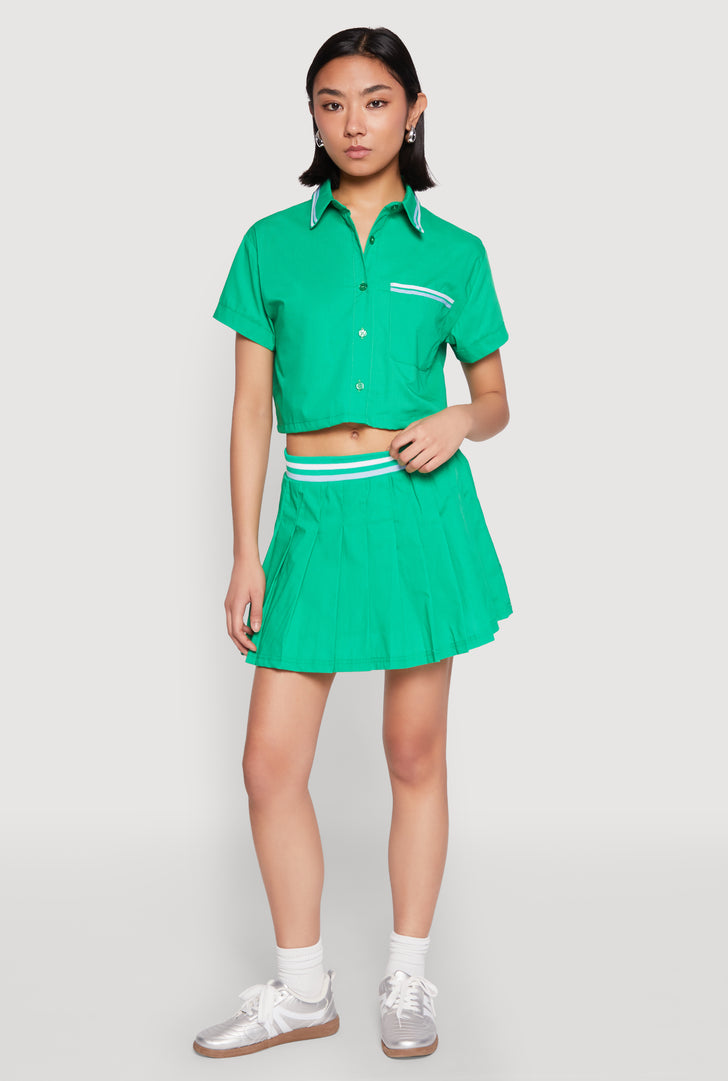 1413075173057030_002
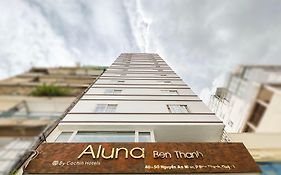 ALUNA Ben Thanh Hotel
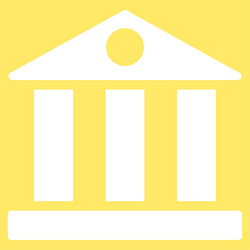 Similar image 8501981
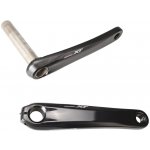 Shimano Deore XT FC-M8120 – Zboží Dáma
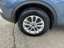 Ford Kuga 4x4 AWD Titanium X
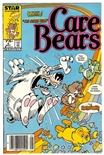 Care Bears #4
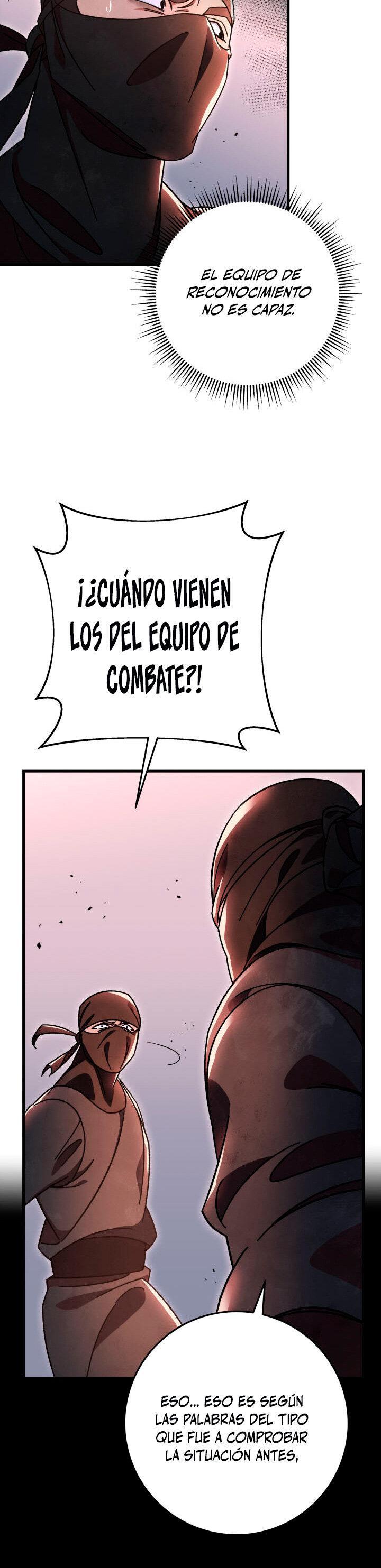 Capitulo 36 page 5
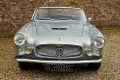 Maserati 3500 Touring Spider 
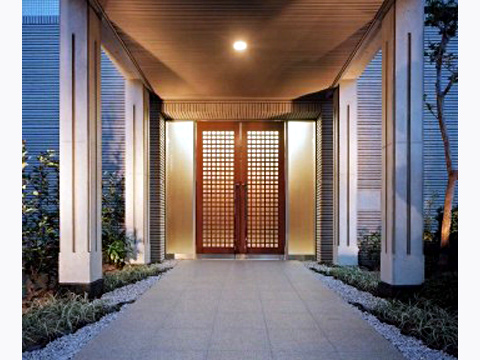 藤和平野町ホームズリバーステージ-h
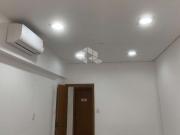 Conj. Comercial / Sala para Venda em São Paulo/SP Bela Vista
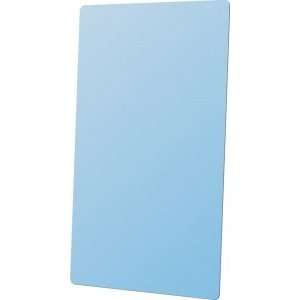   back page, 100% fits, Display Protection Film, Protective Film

══════════════════════════════

-- Instructions for the task --
Using the material above, restate word for word the lines from the line that has "藤和平野町ホームズリバーステージ-h" to the last line, inclusive, with pictures omitted.

-- Answer for this exercise --
 藤和平野町ホームズリバーステージ-h
 Conj. Comercial / Sala para Venda em São Paulo/SP Bela Vista
   back page, 100% fits, Display Protection Film, Protective Film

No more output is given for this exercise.